Anti-Capitalism

Anti-Capitalism

 “Gloria, capitalism said our bodies were useless” (Leah Lakshmi Piepzna-Samarasinha).

I have that written on a poster above my bed, framed with a Nikki McClure print of a person laying flat on the ground; being held by the Earth. 

We live in an extractive, capitalistic society: one that takes resources from the many for the benefit of the few. Capitalism is when individuals/corporations control resources for profit, rather than for the benefit of all people. The resources they control are people’s bodies and labor, as well as other things they have stolen, like the land. Capitalism and colonization go hand in hand.
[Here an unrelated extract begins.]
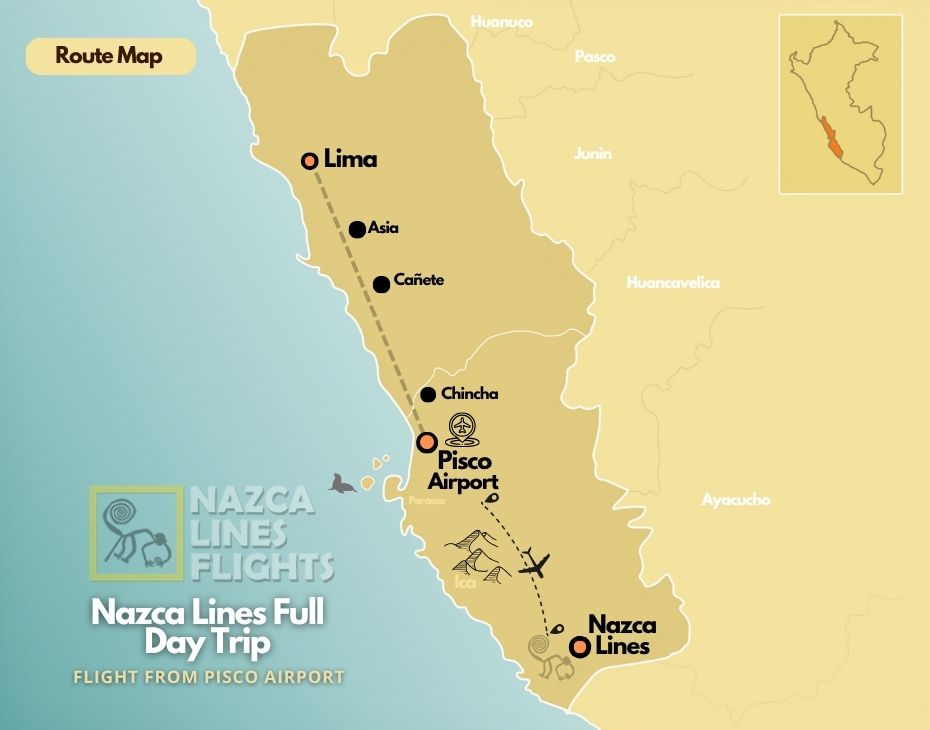 Route Map from Lima to Pisco Airport.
First, capitalism tells us that we can’t be disabled: we’re just lazy. Doctors and psychiatrists try to get us to keep working “for our own good,” rather than helping us access the social supports we need. Many of us end up houseless because we can’t work (the right way/enough/at all), but we are still expected to.

If the evidence that we’re disabled can’t be denied, then we may receive those social supports, but since our lives are considered worthless, the supports are barely enough to survive.
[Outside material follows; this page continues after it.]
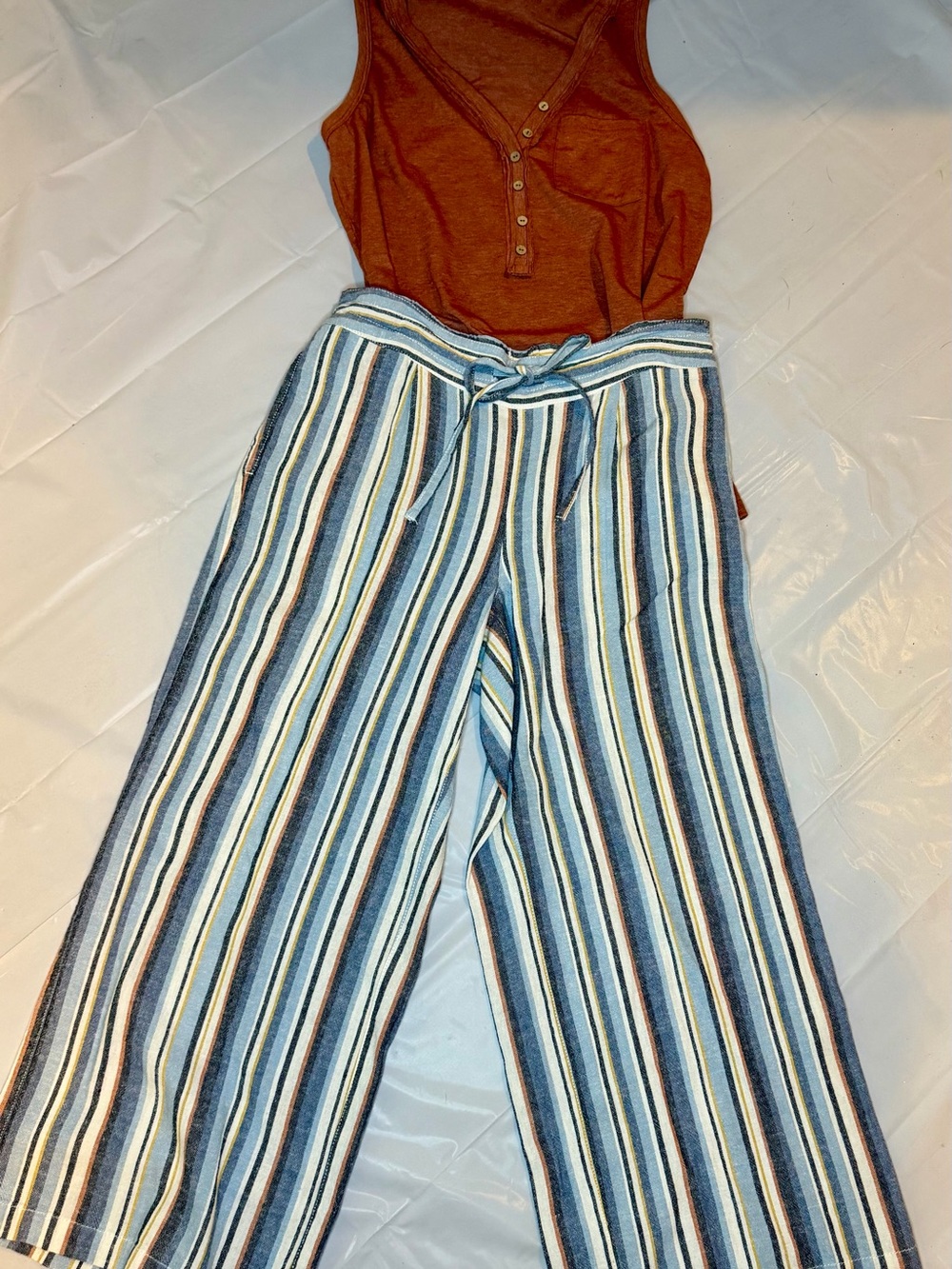 Per Se Blue & White Striped Wide-Leg Tie-Waist Pants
Under capitalism, a person’s value lies in how much money they can make for other people. There have been eugenics movements to remove disabled people from society because we aren’t productive enough.

Disability Justice, on the other hand, views each life as inherently valuable. Just being born gives a person worth. Our capacities to think, feel, love, hope, imagine, sense–any combination of these and more–give our lives value, and that value can’t be taken away just because we don’t make enough money for other people. Working is one possibility for our lives to take, but it’s not the only one.

We can be useless and still have value. We can live as resistance to those who would rather we die or disappear.